Wendy Matsumura is Associate Professor of modern Japanese history and Okinawa studies at UC San Diego. She received her Ph.D. in History from New York University in 2007. She is the author of two monographs, both from Duke University Press. The first, published in 2015, The Limits of Okinawa: Japanese Capitalism, Living Labor, and Theorizations of Community, traced the way that Okinawa, an entity that only came into existence as a territorial and political category in the late 1870s transformed into a diasporic, cultural community included in, but distinct from the Japanese nation-state by the early 1930s. It argued that the production a belief in Okinawa as an organic, trans-historical community was inextricably linked to capitalist crises that found their temporary resolution in appeals to Okinawan community. Matsumura’s second monograph, published in 2024, Waiting for the Cool Moon: Anti-Imperialist Struggles in the Heart of Japan’s Empire, traced the transformation of the Japanese small farm household (shono noka) into the material and discursive foundation of the national community and its members into conquistador humanists following the post-World War One agrarian crisis. In addition to conventional academic venues, her work has been published in Viewpoint magazine, The Funambulist, Society & Space, and other more public-facing outlets.
ABOUT THE MODERATOR
Sabrina Teng-io Chung is a Ph.D. candidate in East Asian Studies at the University of Toronto. Her dissertation examines the U.S. and Japanese colonial governance of Okinawa’s urban built environment through the lens of transpacific studies, inter-Asia cultural studies, and critical infrastructure studies. Her publication has appeared in Society and Space (online edition). She translated investigative reporting articles from independent Chinese-language news outlets including The Reporter and Initium Media. She also co-founded the "Thinking Infrastructures in Global Asia: New Perspectives and Approaches" Working Group, which is sponsored by the Jackman Humanities Institute. Her research has been supported by the School of Cities Graduate Fellows Program and the MOFA Taiwan Fellowship.

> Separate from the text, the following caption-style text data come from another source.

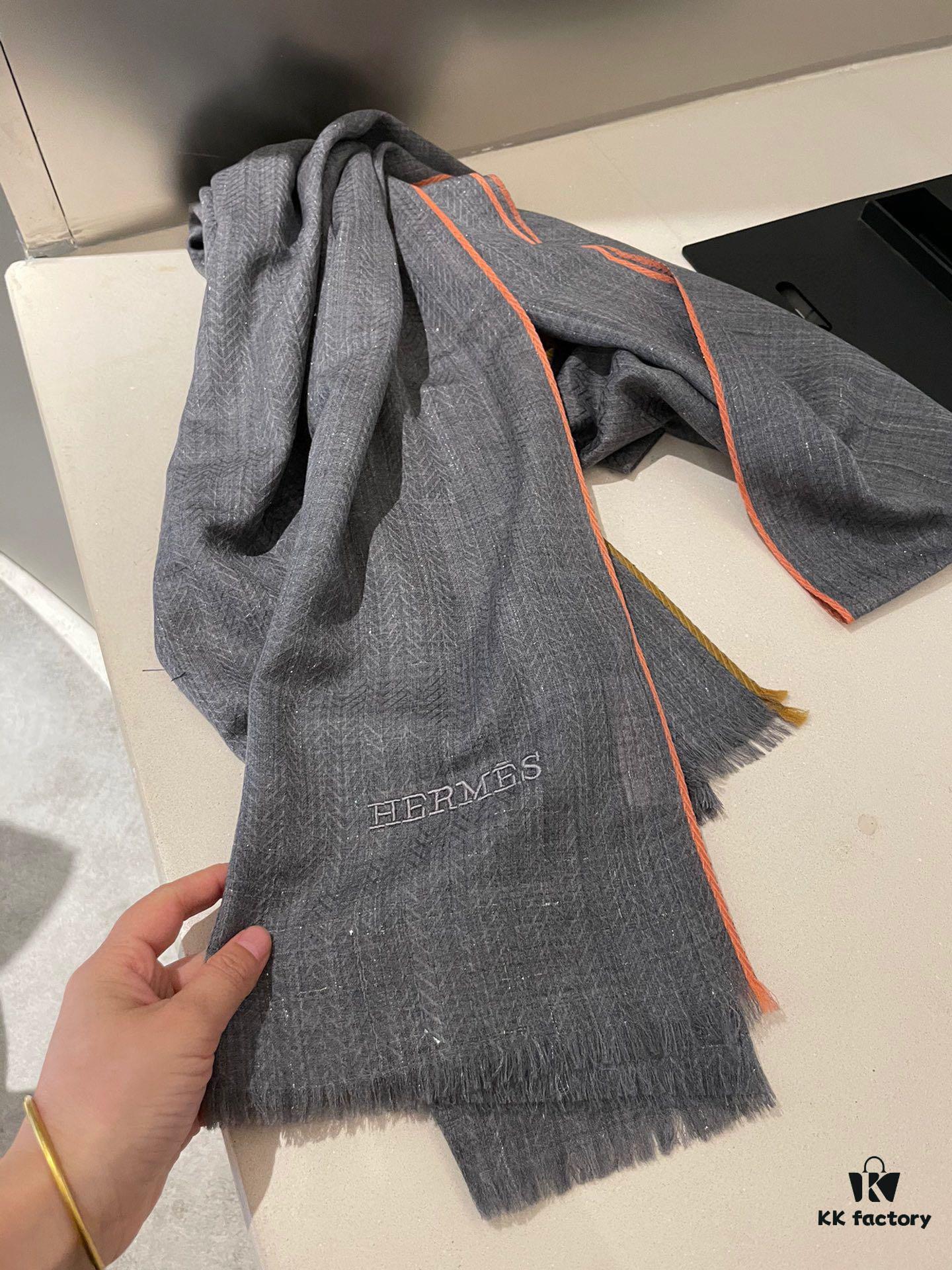 Hermès-style Luxury Scarf with Metal Frame Design, Made from Kashmiri Cashmere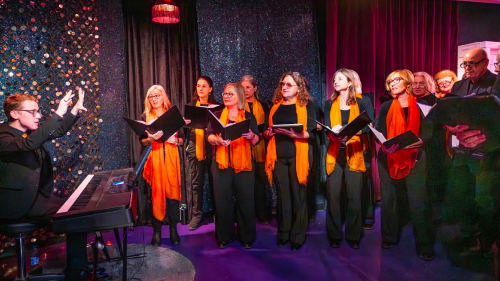 Trabalhando agora como regente do coro gospel, apresentações também vão acontecer em SP e RJ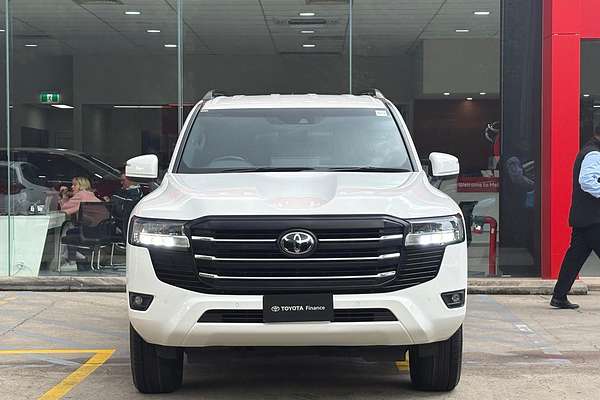 2023 Toyota Landcruiser GXL FJA300R
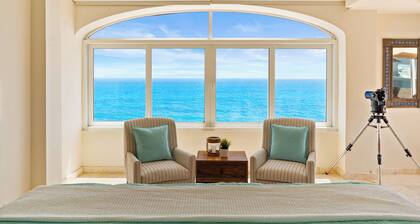 360 Views | Waterfront Penthouse | Private Pool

This event is organized by the Jackman Humanities Institute Working Group, "Thinking Infrastructures in Global Asia: New Perspectives and Approaches." It is co-sponsored by the Cheng Yu Tung East Asian Library; Dr. David Chu Program in Asia-Pacific Studies, the Southeast Asian Seminar, and the Asian Institute at the Munk School of Global Affairs & Public Policy; Department of East Asian Studies; Department of History Intellectual Community Fund; UTGSU Donation Request; Hart House Good Ideas Funds; the School of Cities Small Grants Program, and the Japan Foundation, Toronto.